Is Finkelhor now less panicked by day cares?

David Finkelhor

unh.edu

David Finkelhor

Feb. 3, 2016

“A new survey finds that adults at school, day care and organizations such as churches and scouting groups are less likely than relatives to abuse or mistreat children.

“In general, organizations that serve young people ‘do not look like particularly risky environments,’ said study co-author David Finkelhor, director of the University of New Hampshire’s Crimes Against Children Research Center. This contradicts perceptions by some people who ‘think these are magnets for molesters,’ he said.”

– From “Child Abuse at Daycare, Youth Groups Rarer Than Thought: Survey” by Randy Dotinga in the Northwest Indiana Times (Feb. 2)

Surprising to see Dr. Finkelhor dismiss the notion of day cares as “magnets for molesters,” given that his own overwrought “Nursery Crimes: Sexual Abuse in Day Care” (1988) was an influential text in spreading the moral panic.

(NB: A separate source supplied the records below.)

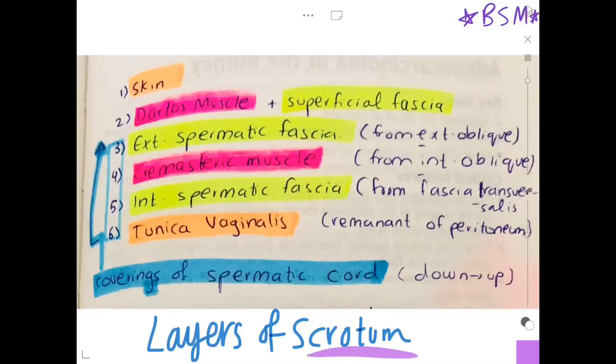There are six layers and we're going to start off with the first layer which is the skin. I've color coded it — the skin and the tunica vaginalis in orange, the muscles in pink, and the fascias in yellow — so it's easier to understand.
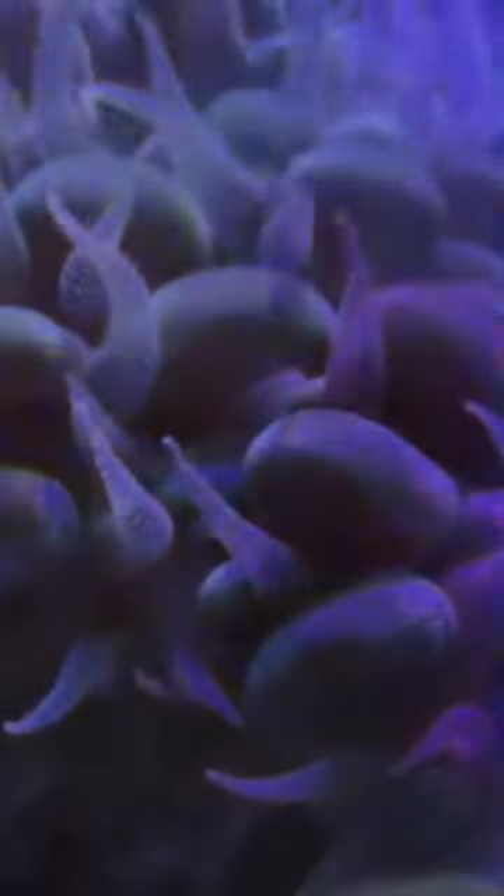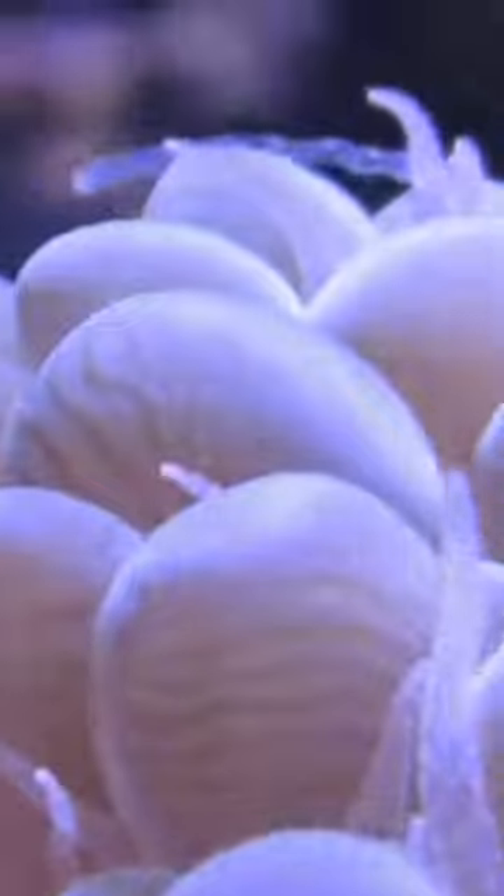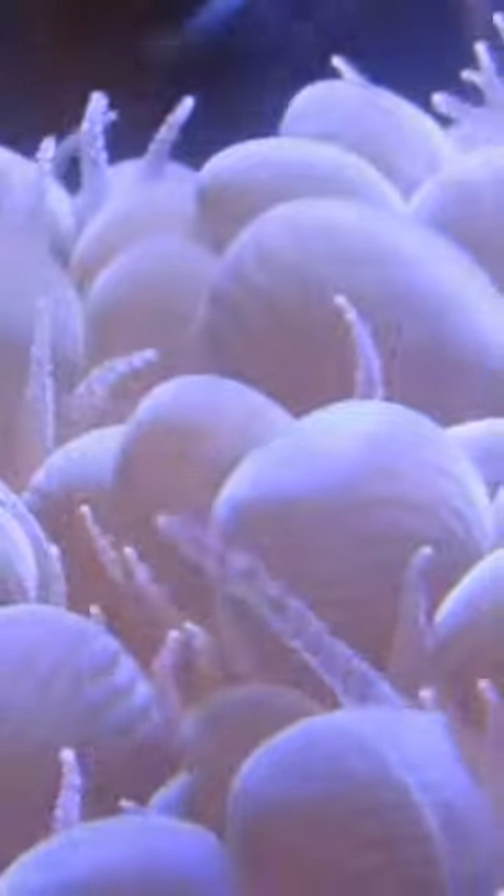You'll notice longer tentacles extend — these are called sweeper tentacles. Be sure to have the bubble coral spaced out from other corals, as these tentacles will sting neighboring corals.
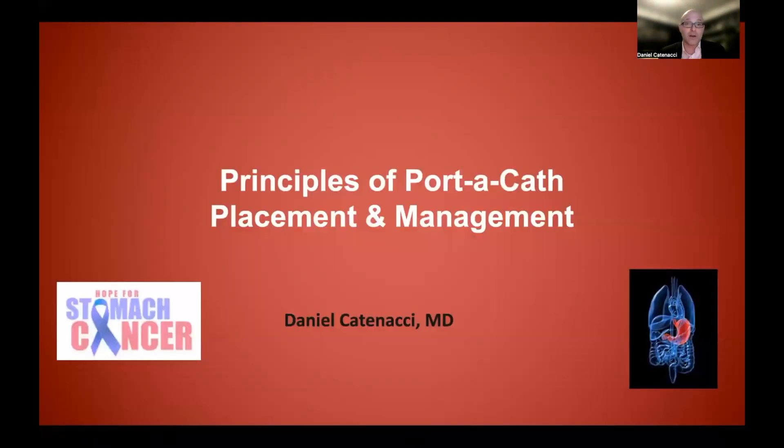So in this brief video, we went through the principles of porticath placement, the reasons for having a port, the management, and some other things to consider. Thank you.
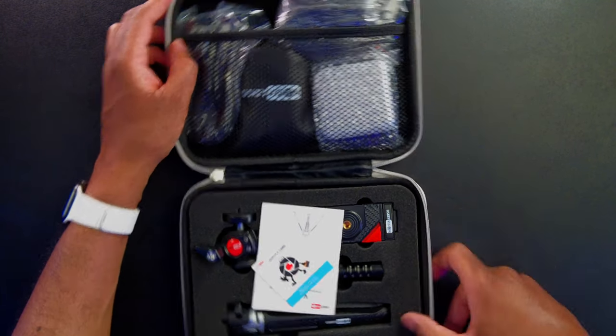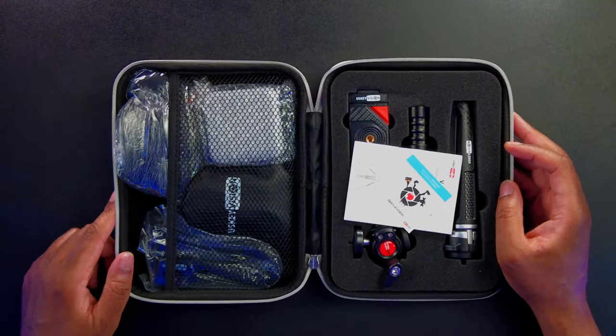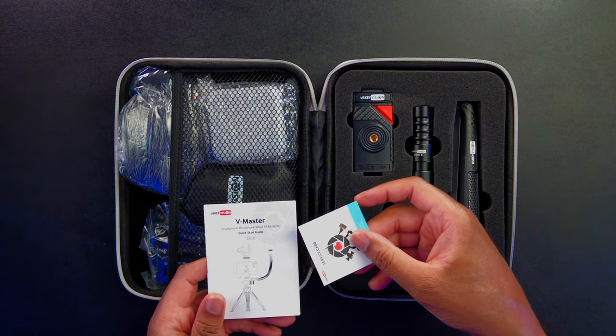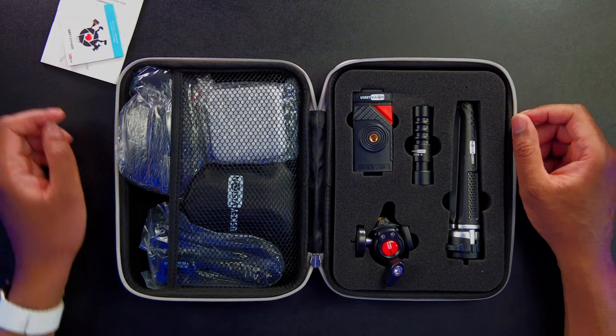Here is everything that comes with it, and yeah, that is a lot in the case. We're going to get a service card and a quick start guide if we need that, so we'll set that over there.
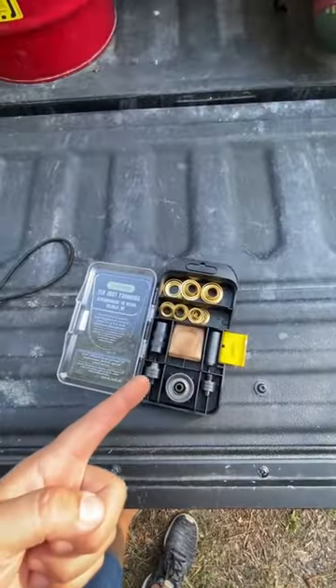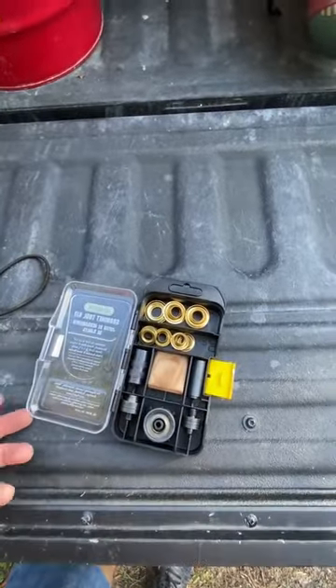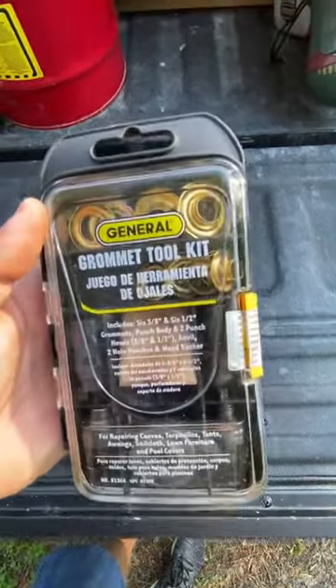Good as new — took about five minutes. The General grommet tool repair kit comes in different sizes, about 10 bucks. Really nice, check it out.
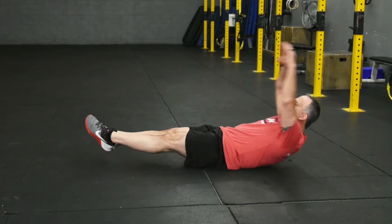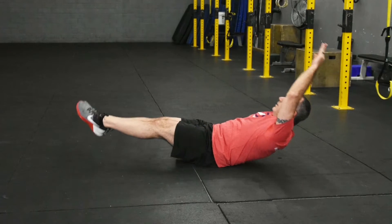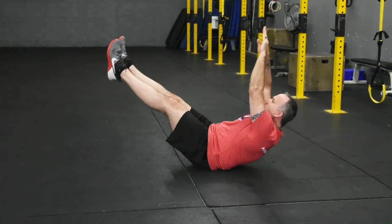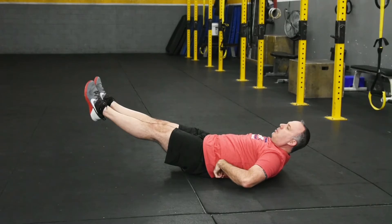So it looks like this. To make it easier, you can bring your hands and feet closer. But we always have to keep our lower back pushed into the ground. That's the Hall of Rock.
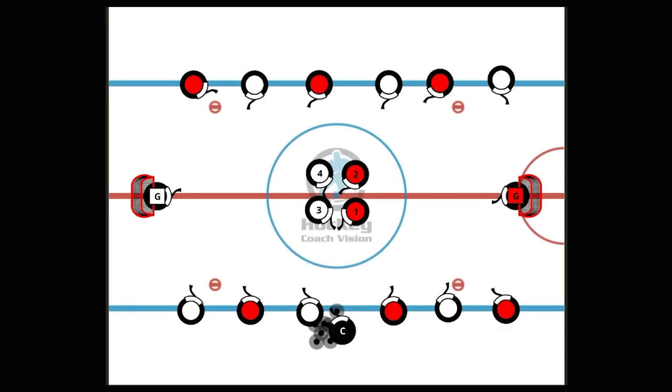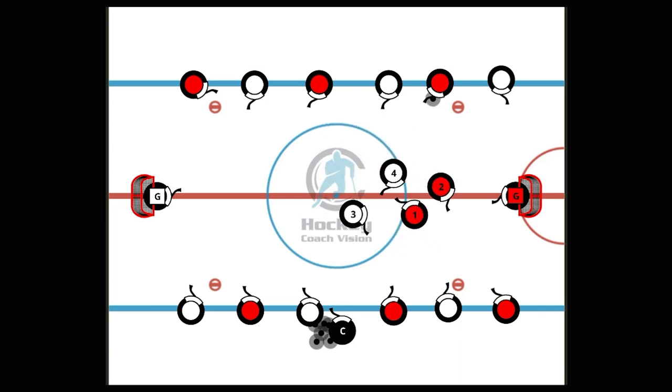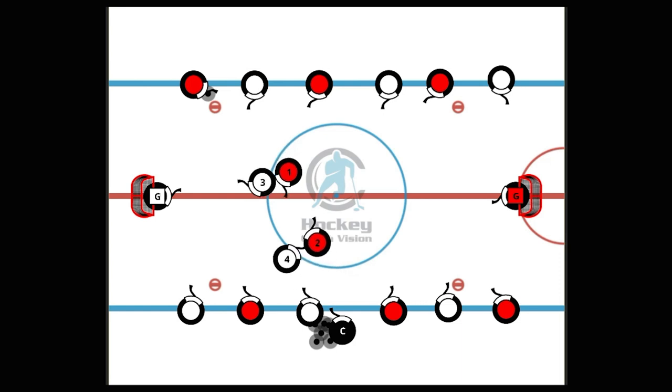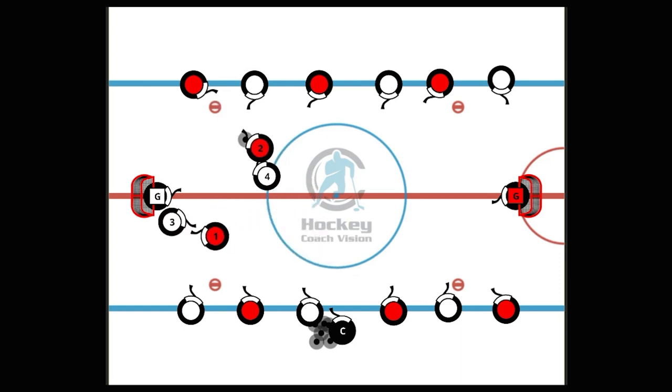In the 2v2 bumper game, the coach starts play by chipping the puck in the middle of the four players. The team that recovers it — in this case the reds — can use the red players on either blue line and then try to get open for a return pass.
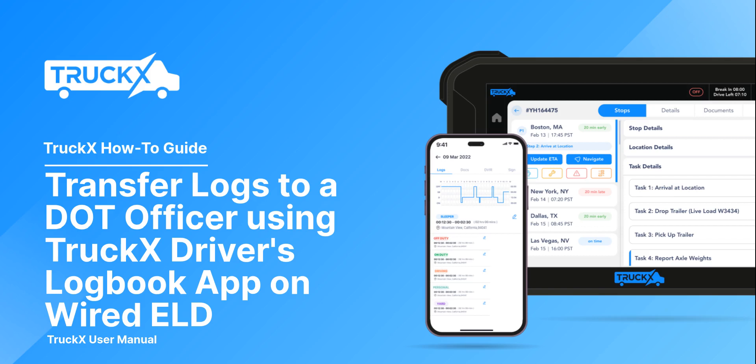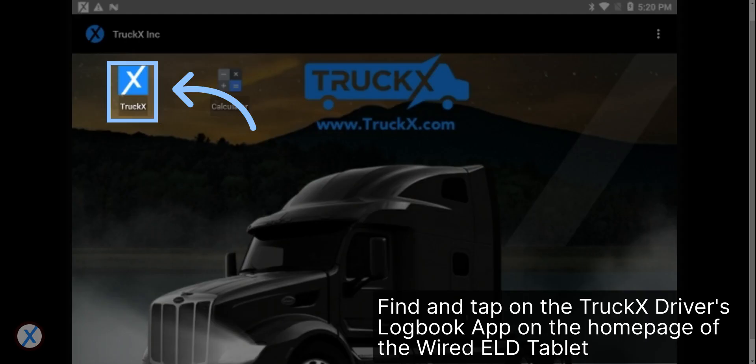How to Transfer Logs to a DOT Officer Using TruckX Driver's Logbook App on Wired ELD. Find and tap on the TruckX Driver's Logbook app on the home page of the Wired ELD tablet.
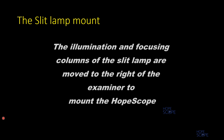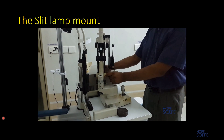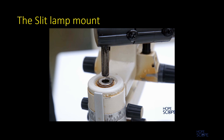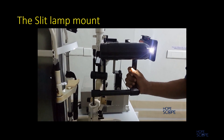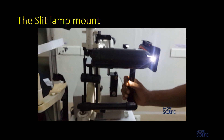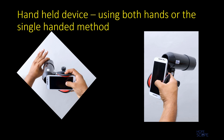After moving the illumination and focusing columns of the slit lamp, the correct base pin is placed in the slot, as seen in this video.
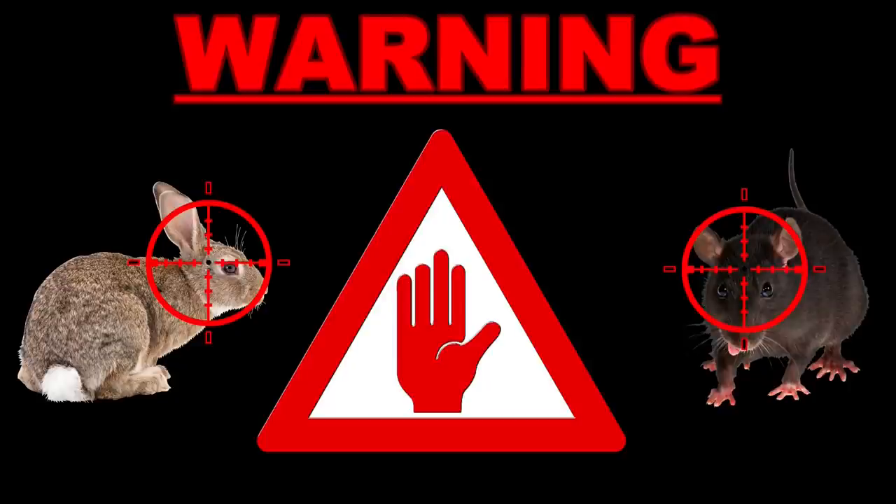Warning — this is a pest control video and it will show pests being controlled with air rifles. If this is likely to offend you then please stop watching now. For the rest of you who like these type of videos, let's get on with the action.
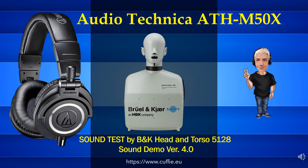Ciao. Benvenuti sul canale Solo Cuffie. Test accurati di laboratorio sulle cuffie. Buona visione.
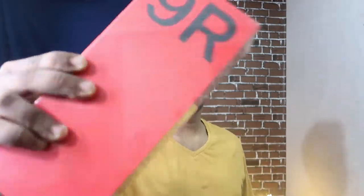Hey guys, welcome back to my channel. This video is about the OnePlus 9R unboxing. I'm going to show you its unboxing and overview, so let's get started.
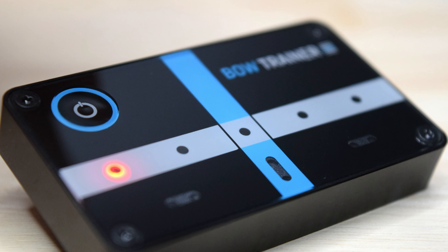A lot of students — in fact probably the majority of students — have the most trouble with development of the contact point. And the Bow Trainer is here to alert and to guide the student visually to develop that particular aspect of their playing.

How did he determine back then whether sexual abuse had actually occurred? “If at least one of the local investigating agencies had decided that abuse had occurred and that it had happened while the child was at a day-care facility….then we considered the case substantiated.” In other words, one supposed “red flag” sighting from Brenda Toppin was certification enough.

As recently as 2012, when I queried Dr. Finkelhor about his beliefs past and present,  he denied being “an authority on the validity of claims” that he had laid out with such credulity in “Nursery Crimes.”